イスラエルとパレスチナのあいだでは、1990年代から「二国家解決」と呼ばれる方式(パレスチナの土地に「イスラエル」と「パレスチナ」という二つの国家を併存させる解決策)を目指して交渉が進められてきました。日本を含む国際社会の強い後押しもあり、イスラエル政府とパレスチナ人を代表する政治組織である、パレスチナ解放機構(PLO)の交渉が始まりました。しかし、パレスチナ問題は一向に解決されず、昨今ではむしろ取り返しのつかないような深刻な事態に陥っています。当事者や国際社会のなかに、和平を妨げる要因があったのでしょうか。
オスロ和平プロセスとは
1993年9月にイスラエル政府とPLOとのあいだで署名されたオスロ合意をきっかけに始まった和平交渉を「オスロ和平プロセス」と呼びます。1994年にはガザ地区と西岸地区の都市エリコに、イスラエルの合意のもとで初めてパレスチナ暫定自治区が設置されました。PLOの幹部が、暫定自治区の統治を担うパレスチナ暫定自治政府(PA)を立ち上げ、ここから5年間の暫定自治がスタートします。この暫定期間のあいだにパレスチナの自治区は拡大し、最終的にパレスチナ難民の帰還権やエルサレムの帰属、イスラエルが占領地に建設した入植地の処遇といった重要課題(最終的地位)について話し合われるはずでした。

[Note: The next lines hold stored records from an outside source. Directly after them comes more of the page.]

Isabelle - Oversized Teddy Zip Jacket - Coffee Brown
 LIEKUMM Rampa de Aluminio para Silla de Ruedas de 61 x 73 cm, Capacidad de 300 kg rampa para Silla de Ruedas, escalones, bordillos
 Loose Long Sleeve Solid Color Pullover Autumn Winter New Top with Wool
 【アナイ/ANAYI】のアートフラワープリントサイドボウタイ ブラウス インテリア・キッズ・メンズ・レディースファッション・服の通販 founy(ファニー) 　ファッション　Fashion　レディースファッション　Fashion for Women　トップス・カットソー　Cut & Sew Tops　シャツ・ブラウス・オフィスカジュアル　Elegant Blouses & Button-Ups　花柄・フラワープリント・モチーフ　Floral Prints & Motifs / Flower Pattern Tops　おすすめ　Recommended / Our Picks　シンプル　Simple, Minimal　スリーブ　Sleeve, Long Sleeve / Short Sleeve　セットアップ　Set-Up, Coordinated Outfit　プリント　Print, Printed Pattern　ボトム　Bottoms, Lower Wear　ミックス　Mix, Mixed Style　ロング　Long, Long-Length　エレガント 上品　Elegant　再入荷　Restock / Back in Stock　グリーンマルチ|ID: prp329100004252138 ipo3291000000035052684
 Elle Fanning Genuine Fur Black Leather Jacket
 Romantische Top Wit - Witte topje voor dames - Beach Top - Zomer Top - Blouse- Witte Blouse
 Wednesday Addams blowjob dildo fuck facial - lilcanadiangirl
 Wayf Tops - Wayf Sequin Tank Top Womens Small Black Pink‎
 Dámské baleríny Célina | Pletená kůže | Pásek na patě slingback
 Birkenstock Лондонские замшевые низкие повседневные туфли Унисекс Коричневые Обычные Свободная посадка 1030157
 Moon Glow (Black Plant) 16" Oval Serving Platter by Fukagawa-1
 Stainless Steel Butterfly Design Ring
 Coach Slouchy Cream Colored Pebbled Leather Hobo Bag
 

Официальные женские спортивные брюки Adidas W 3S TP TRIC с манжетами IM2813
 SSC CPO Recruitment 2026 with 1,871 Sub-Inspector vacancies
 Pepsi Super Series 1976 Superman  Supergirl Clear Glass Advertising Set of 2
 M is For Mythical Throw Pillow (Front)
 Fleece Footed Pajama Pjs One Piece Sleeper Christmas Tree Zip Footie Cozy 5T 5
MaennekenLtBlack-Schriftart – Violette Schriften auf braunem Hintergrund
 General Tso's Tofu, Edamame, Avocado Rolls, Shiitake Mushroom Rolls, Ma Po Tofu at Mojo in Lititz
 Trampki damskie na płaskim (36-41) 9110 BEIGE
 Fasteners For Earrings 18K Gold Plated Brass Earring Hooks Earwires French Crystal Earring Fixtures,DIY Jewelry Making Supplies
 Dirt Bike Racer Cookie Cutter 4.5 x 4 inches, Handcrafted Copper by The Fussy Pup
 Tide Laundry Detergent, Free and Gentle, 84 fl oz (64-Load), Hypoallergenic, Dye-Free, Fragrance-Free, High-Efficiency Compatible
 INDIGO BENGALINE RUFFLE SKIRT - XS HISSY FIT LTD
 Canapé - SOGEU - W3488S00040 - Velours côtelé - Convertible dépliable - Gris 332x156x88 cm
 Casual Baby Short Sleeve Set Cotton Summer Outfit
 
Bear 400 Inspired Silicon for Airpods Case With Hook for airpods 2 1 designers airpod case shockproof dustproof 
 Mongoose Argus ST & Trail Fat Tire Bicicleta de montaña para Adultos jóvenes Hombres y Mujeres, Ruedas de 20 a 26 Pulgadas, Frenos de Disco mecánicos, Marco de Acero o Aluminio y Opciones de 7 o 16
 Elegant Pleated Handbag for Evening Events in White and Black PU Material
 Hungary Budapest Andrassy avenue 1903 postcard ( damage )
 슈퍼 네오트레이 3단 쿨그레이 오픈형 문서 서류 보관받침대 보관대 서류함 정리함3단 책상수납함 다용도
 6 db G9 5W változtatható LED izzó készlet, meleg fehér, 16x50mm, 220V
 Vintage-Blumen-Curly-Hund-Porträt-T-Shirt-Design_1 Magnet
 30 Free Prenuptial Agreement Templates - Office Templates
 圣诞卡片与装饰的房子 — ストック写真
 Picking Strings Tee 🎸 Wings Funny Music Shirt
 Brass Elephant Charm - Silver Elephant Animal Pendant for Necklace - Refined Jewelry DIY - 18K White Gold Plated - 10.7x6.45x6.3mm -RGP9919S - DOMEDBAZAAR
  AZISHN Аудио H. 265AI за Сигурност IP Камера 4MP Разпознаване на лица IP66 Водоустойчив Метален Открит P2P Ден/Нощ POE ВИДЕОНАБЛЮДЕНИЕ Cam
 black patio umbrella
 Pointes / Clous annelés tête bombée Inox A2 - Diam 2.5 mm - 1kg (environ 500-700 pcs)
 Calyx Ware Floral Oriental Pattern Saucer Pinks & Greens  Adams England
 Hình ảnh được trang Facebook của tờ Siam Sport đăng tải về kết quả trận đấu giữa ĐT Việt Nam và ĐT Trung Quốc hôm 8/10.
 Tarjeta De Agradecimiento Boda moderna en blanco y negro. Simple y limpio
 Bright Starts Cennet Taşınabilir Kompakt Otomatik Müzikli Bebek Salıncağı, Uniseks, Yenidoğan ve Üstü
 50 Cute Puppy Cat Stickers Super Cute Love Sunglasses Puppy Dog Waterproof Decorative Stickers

1995年には「オスロII」とも呼ばれた拡大自治協定がイスラエルとPLOのあいだで交わされ、自治区は東エルサレムを除く西岸地区の大部分の都市へと拡大していきます。しかし、最終的地位に関する交渉がほとんど行われないまま、オスロ和平プロセスは徐々に停滞の時期を迎えていきます。そして、2000年9月には、本格的な武装衝突である アル=アクサー?インティファーダ(武装行動も伴ったパレスチナ人による対イスラエル抵抗運動)とイスラエル軍による暫定自治区への侵攻が始まりました。数年続いた衝突の結果、交渉は完全に暗礁に乗り上げた状態に置かれました。ジョージ?W?ブッシュ大統領、バラク?オバマ大統領といった歴代のアメリカ政権が何度か交渉の再開を強く働きかけても、交渉が実体を伴って再開されることはなかったのです。
なぜ交渉は壊れてしまったのか
この研究プロジェクトでは、オスロ和平プロセスが、極言すれば紛争の解決を実現しなかった要因を明らかにすることを目的としています。よくある説明としては、イスラエルのイツハク?ラビン首相がパレスチナ人との合意に反対するユダヤ系市民によって1995年11月に暗殺されたこと、パレスチナ社会で抵抗運動組織ハマースが台頭し、対イスラエル武装抵抗が活発になったことが交渉の停滞、または失敗の要因になったのだ、というものがあります。いわば、イスラエルとパレスチナの双方の社会のなかに問題があり、それが要因となって交渉が停滞したという説明です。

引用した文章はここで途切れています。